Building a scalable SKU catalog platform that allowed for rapid changes with the minimal intervention was challenging. We realized that abstracting out the business rules into a “rules engine” would enable us to achieve our stated goals. After evaluating multiple open-source and commercial rule evaluation frameworks, we chose our internal Rules Management and Evaluation Framework — Hendrix. Hendrix is a simple interpreted language that expresses how configuration values should be computed. These expressions (rules) are evaluated in the current request session context and can access data such as A/B test assignments, necessary member information, customized input, etc. We’ll skip over Hendrix’s specific details and focus on the SKU platform adoption in this article for brevity.
The adoption of an externalized rule evaluation engine was a major game-changer. It allowed us to remove boilerplate code and took us a step forward in becoming a true self-service platform. The rules, now encoded in JSON, were easy to generate, manage and modify via automated means. It eliminated many complex conditional branching logic, making the core codebase simple and easy to enhance. Most importantly, it allowed runtime and quick business logic changes in production without code change deployments. Overall, it simplified SKU selections and increased our testing and product delivery confidence. Here is a snippet of the mobile plan availability rule:
default: [Basic, Standard, Premium],
value: [Mobile, Basic, Standard, Premium],
oneOf: ["IN", "ID", "MY", "PH", "TH"],
In addition to the rule engine, the following components make up the core building blocks of the new SKU platform:
- Service Layer — SKUService: A service layer replaced the original SKU catalog client library to provide a unified interface for consumers to access the SKU catalog.
- Persistence Layer — SKUDB: SKU catalog data was migrated from the metadata configuration files to a relational database. Adding and updating entities is audited and tightly controlled via “privileged” APIs exposed by the service layer.
- Business Rules — SKURules: Various business rules are defined as Hendrix expressions. For example, our business requirements dictate that a mobile plan should be available for specific markets only, while the rest of the world receives the default set of plans. These rule definitions are hosted in a separate git repository and Hendrix module within SKUService load and refresh it periodically.
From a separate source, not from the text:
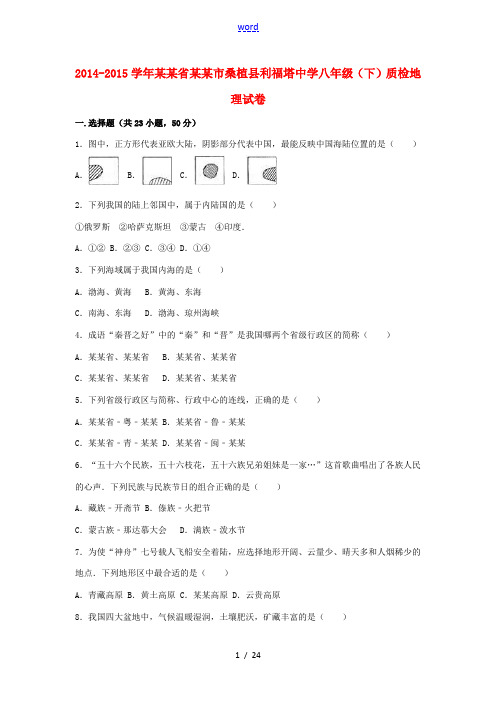 八年级地理下学期质检试卷(含解析) 新人教版-新人教版初中八年级全册地理试题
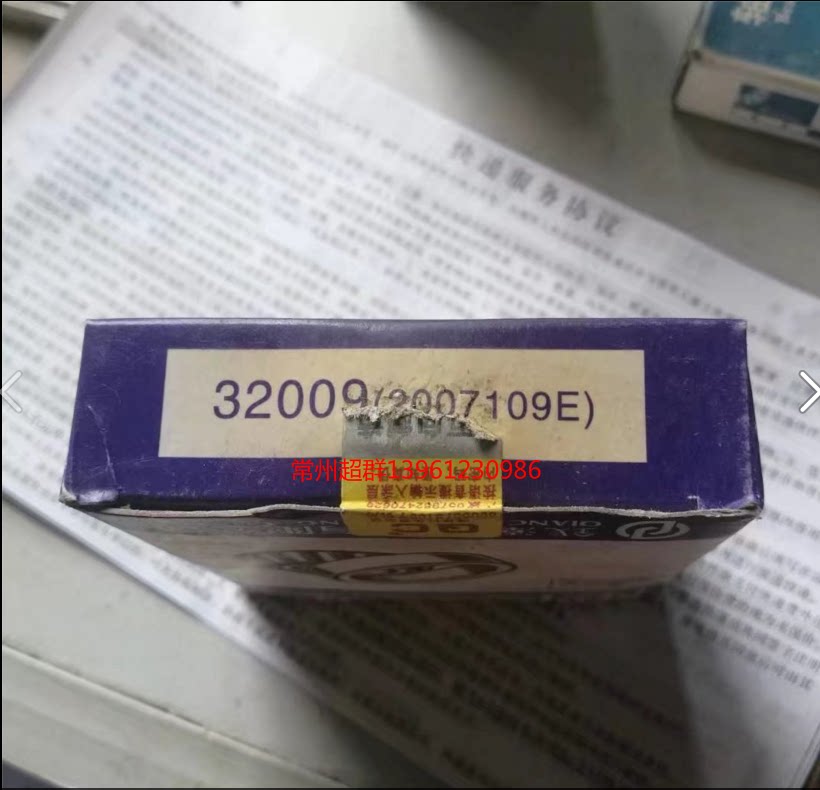 32009 2007109E inner diameter 45 outer diameter 75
The changes are administered by the regular git pull request flow and guarded by the validation infrastructure.
- Observability/Validation Guardrails: A comprehensive validation infrastructure designed to ensure that SKURules changes are accurate and do not break existing behavior.
- Self Service Management UI: A straightforward visualization tool for rules management and are in the process of supporting direct rules editing.
The new SKU flow for consumer services is simple, generic, and easy to maintain with business rules isolated in SKURules. Consumers pass a map of context to be used as rules evaluation criteria. Rule owners are responsible for making sure the requirements match the rule definition and request context. By choosing a generalized context map, we keep the API interface consistent regardless of the rules change. In-memory rules evaluation returns a list of SKU ids, which hibernates with the SKUDB query for the full entity metadata.
As the platform evolved from code towards externalized rules to manage business flows, we realized that maintaining an ever-growing set of volatile rule configurations at Netflix scale was a critical challenge:
- Debugging is difficult when navigating through an ever-increasing set of rules.
- The impact of changing an existing rule is tricky to measure due to the nature that Hendrix evaluates rules based on first-match. There is always a possibility of prior rules taking precedence over the later ones if the changes are not handled carefully.
- Rules naturally have different lifecycles and impacts. Some are short-lived with specific targeted audiences (for most of our A/B tests) compared to the stabilized ones with an enormous impact on our broader member base.
- Rules’ ownership needed to be defined clearly for long-term maintenance health.
To manage the complexity of rules and the associated lifecycle, we introduced the concept of rules categorization. Based on our use case, we classified our rules into three groups:
Fallback rules will execute first and short circuit the evaluation. It should easily understand, with no experimental information and domain-specific context.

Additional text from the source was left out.